この記事はなに?
postgresql + minio を使って mlflow を使ってモデルをロギングする環境をDockerを使って構築したときのメモです。
環境
python 3.9.16
mlflow 2.2.1
レポジトリ
以下で公開しています
使用ファイル
Dockerfile
# # our base image
FROM python:3.9.16-buster
# install Python modules needed by the Python app
COPY requirements.txt /app/
RUN pip install -U pip && \
pip install --no-cache-dir -r /app/requirements.txt
WORKDIR /app
docker-compose.yml
version: "3"
services:
app:
build:
context: ./
dockerfile: Dockerfile
volumes:
- ./mlflow:/app
env_file:
- ./.env
environment:
- DB_HOSTNAME=${DB_HOSTNAME}
- DB_PORT=${DB_PORT}
- DB_PASSWORD=${DB_PASSWORD}
- DB_NAME=${DB_NAME}
- DB_USERNAME=${DB_USERNAME}
- MLFLOW_S3_ENDPOINT_URL=http://minio:9000
- AWS_ACCESS_KEY_ID=${AWS_ACCESS_KEY_ID}
- AWS_SECRET_ACCESS_KEY=${AWS_SECRET_ACCESS_KEY}
tty: true
init: true
depends_on:
- minio
- postgres
postgres:
image: postgres
ports:
- 5432:5432
env_file:
- ./.env
environment:
- POSTGRES_PASSWORD=${DB_PASSWORD}
- POSTGRES_DB=${DB_NAME}
- DB_USERNAME=${DB_USERNAME}
- POSTGRES_INITDB_ARGS="--encoding=UTF-8"
volumes:
- postgres-db:/var/lib/postgresql/data
- ./postgresql:/docker-entrypoint-initdb.d
restart: always
user: root
# DB確認用
pgadmin4:
image: dpage/pgadmin4:6
#container_name: pgadmin4
ports:
- 8002:80
volumes:
- pgadmin4_volume:/var/lib/pgadmin
env_file:
- ./.env
environment:
- PGADMIN_DEFAULT_EMAIL=${PGADMIN_DEFAULT_EMAIL}
- PGADMIN_DEFAULT_PASSWORD=${PGADMIN_DEFAULT_PASSWORD}
depends_on:
- postgres
restart: always
# S3互換のストレージ
minio:
image: quay.io/minio/minio
restart: unless-stopped
volumes:
- ./minio:/data
ports:
- 9000:9000
- 9001:9001 # ブラウザ確認用
environment:
MINIO_ROOT_USER: ${MINIO_ROOT_USER}
MINIO_ROOT_PASSWORD: ${MINIO_ROOT_PASSWORD}
command: server /data --console-address ":9001"

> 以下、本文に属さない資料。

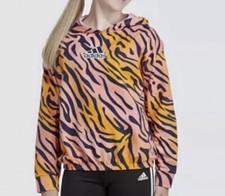 Adidas Sweatshirt Girls XLarge 16yrs Pink Animal Print Pullover Hoodie Youth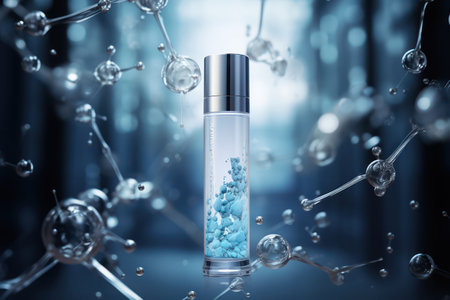 Blue Beauty Elixir: A Luxurious Serum for Radiant Skin, in a Bottled Symphony of Refreshmentの素材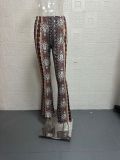 Plus Size Bohemian Slim Flared Printed Pants GWTC-W0730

# minioコンテナ起動時にデフォルトのバケットを自動作成する
defaultbucket:
image: minio/mc
depends_on:
- minio
entrypoint: >
/bin/sh -c "
until (/usr/bin/mc config host add minio http://minio:9000 ${MINIO_ROOT_USER} ${MINIO_ROOT_PASSWORD}) do echo 'try to create buckets...' && sleep 1; done;
/usr/bin/mc mb ${MINIO_MLFLOW_BUCKET};
/usr/bin/mc policy download ${MINIO_MLFLOW_BUCKET};
exit 0;
"
volumes:
postgres-db:
pgadmin4_volume:
実行スクリプト
accessor.py
アクセス用、検索用のクラスを定義して使用しています。
from pprint import pprint
import mlflow
from mlflow.tracking import MlflowClient
class MlflowWriter:
def __init__(self, experiment_name, artifact_location=None, **kwargs):
"""mlflow書き込みを行うクラス
Args:
experiment_name (str): 実験名
artifact_location (str, optional): artifactの保存先. ex: s3://<bucket_name>/artifacts Defaults to None.
"""
self.client = MlflowClient(**kwargs)
try:
self.experiment_id = self.client.create_experiment(
experiment_name,
artifact_location=artifact_location,
)
except:
self.experiment_id = self.client.get_experiment_by_name(experiment_name).experiment_id
self.run_id = self.client.create_run(self.experiment_id).info.run_id
self.artifact_path = "model"
def log_params_from_omegaconf_dict(self, params):
for param_name, element in params.items():
self._explore_recursive(param_name, element)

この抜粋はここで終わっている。